Now in order to map from a sample item (a Path
), to a numerical label (an Int
), we just compose our Path->label function with a label->int function. Curiously, Swift does not define its own compose function, so we defined a compose
operator >|
ourselves. We can use it to create our new function as a composition explicitly:
In [ ]:
// export
public func >| <A, B, C>(_ f: @escaping (A) -> B,
_ g: @escaping (B) -> C) -> (A) -> C {
return { g(f($0)) }
}
The we define a function which map a raw sample (Path
) to a numericalized label (Int
)
In [ ]:
var pathToNumericalizedLabel = ImageNette.labelOf >| labelMapper.process
Now we can, if we wish, compute numericalized labels over all the training and validation items:
In [ ]:
var trainNumLabels = samples.train.map(pathToNumericalizedLabel)
var validNumLabels = samples.valid.map(pathToNumericalizedLabel)

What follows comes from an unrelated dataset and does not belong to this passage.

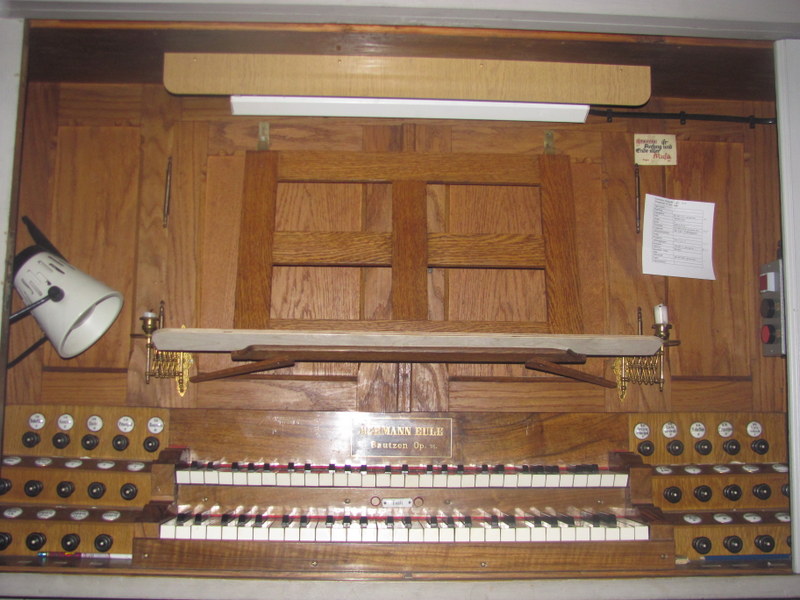 Manuale und Register unserer Orgel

We've gotten pretty far just using mostly just variables, functions, and function composition. But one downside is that our results are now scattered over a few different variables, samples
, trainNumLabels
, valNumLabels
. We collect these values into one structure for convenience:
In [ ]:
//export
public struct SplitLabeledData<Item,Label> {
public var train: [(x: Item, y: Label)]
public var valid: [(x: Item, y: Label)]
public init(train: [(x: Item, y: Label)], valid: [(x: Item, y: Label)]) {
(self.train,self.valid) = (train,valid)
}
}
And we can define a convenience function to build it directly from our config and a processor.
In [ ]:
//export
public func makeSLD<C, P>(config: C.Type, procL: inout P) -> SplitLabeledData<C.Item, P.Output>
where C: DatasetConfig, P: Processor, P.Input == C.Label{
let path = C.download()
let items = C.getItems(path)
let samples = partitionIntoTrainVal(items, isTrain:C.isTraining)

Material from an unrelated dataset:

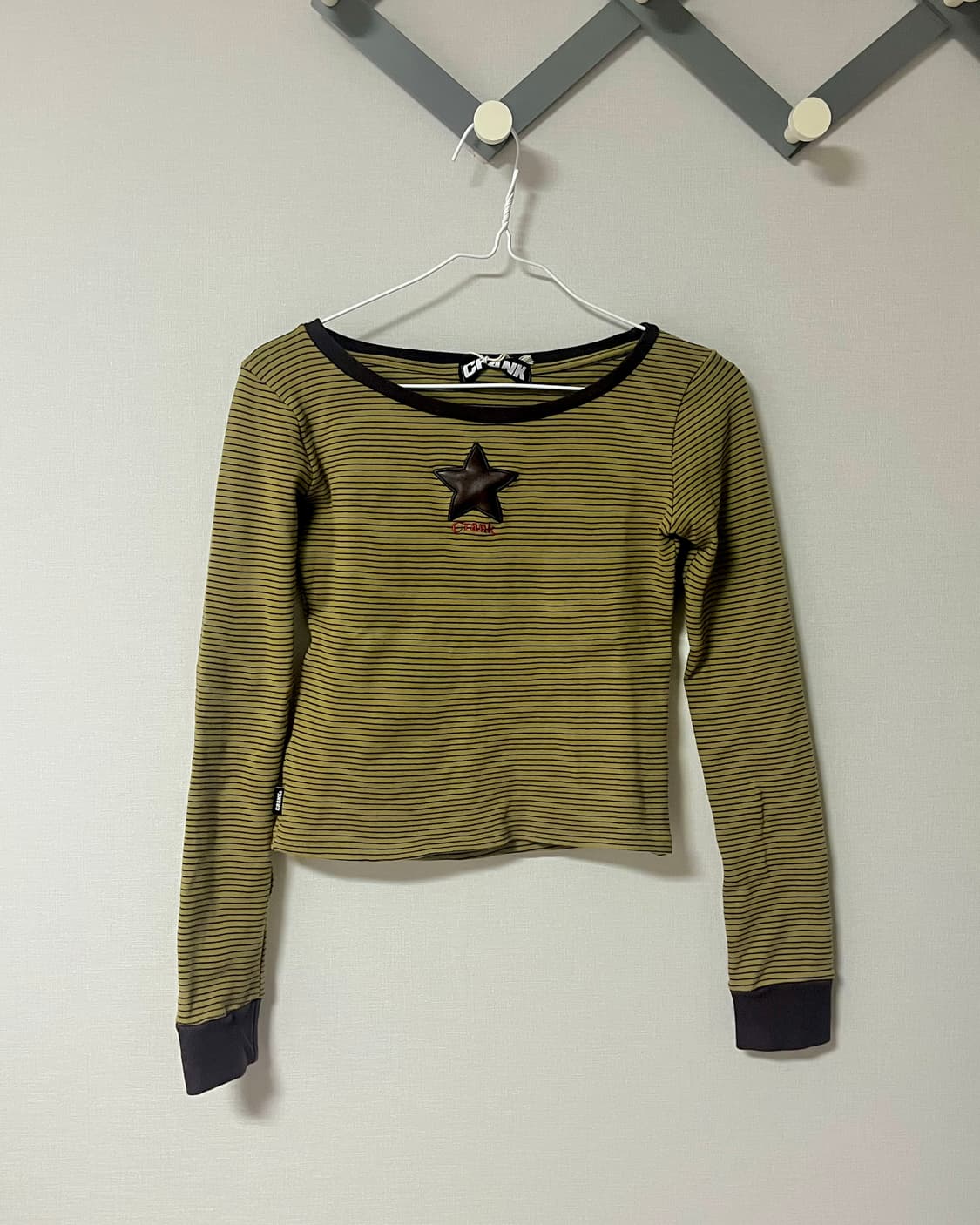 크랭크 스트라이프 보트넥 탑_카키 상품이미지3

let trainLabels = samples.train.map(C.labelOf)
procL.initState(trainLabels)
let itemToProcessedLabel = C.labelOf >| procL.process
return SplitLabeledData(train: samples.train.map { ($0, itemToProcessedLabel($0)) },
valid: samples.valid.map { ($0, itemToProcessedLabel($0)) })
}
In [ ]:
var procL = CategoryProcessor()
let sld = makeSLD(config: ImageNette.self, procL: &procL)
We can use the same compose approach to convert our images from Path
filenames to resized images, or add all the data augmentation we want.
In [ ]:
//export
import Foundation
import SwiftCV
First let's open those images with openCV:
In [ ]:
//export
public func openImage(_ fn: Path) -> Mat {
return imdecode(try! Data(contentsOf: fn.url))
}
And add a convenience function to have a look.
In [ ]:
//export
public func showCVImage(_ img: Mat) {
let tensImg = Tensor<UInt8>(cvMat: img)!
let numpyImg = tensImg.makeNumpyArray()
plt.imshow(numpyImg)
plt.axis("off")
plt.show()
}
In [ ]:
showCVImage(openImage(sld.train.randomElement()!.x))

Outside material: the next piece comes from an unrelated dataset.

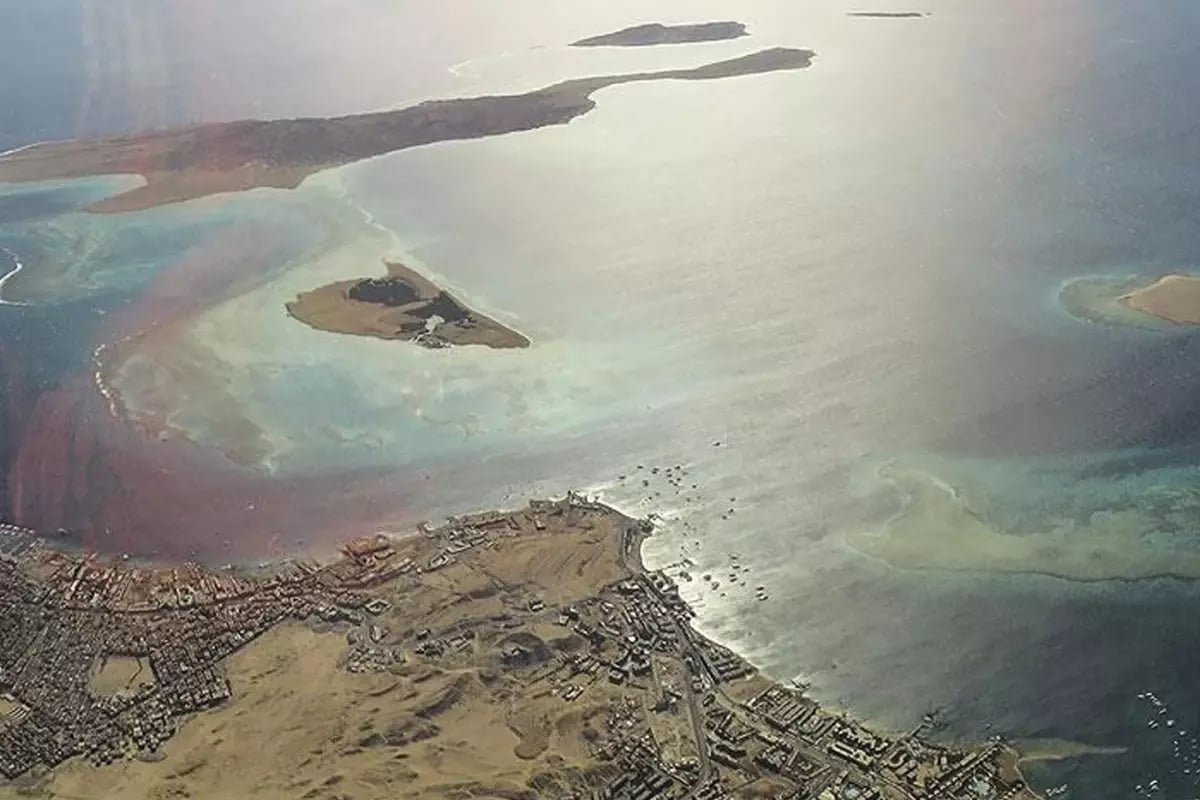 İran Hörmüz boğazını gəmilərin keçidi üçün bağladı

The channels are in BGR instead of RGB so we first switch them with openCV
In [ ]:
//export
public func BGRToRGB(_ img: Mat) -> Mat {
return cvtColor(img, nil, ColorConversionCode.COLOR_BGR2RGB)
}
Then we can resize them
In [ ]:
//export
public func resize(_ img: Mat, size: Int) -> Mat {
return resize(img, nil, Size(size, size), 0, 0, InterpolationFlag.INTER_LINEAR)
}
With our compose operator, the succession of transforms can be written in this pretty way:
In [ ]:
let transforms = openImage >| BGRToRGB >| { resize($0, size: 224) }
And we can have a look at one of our elements:
In [ ]:
showCVImage(transforms(sld.train.randomElement()!.x))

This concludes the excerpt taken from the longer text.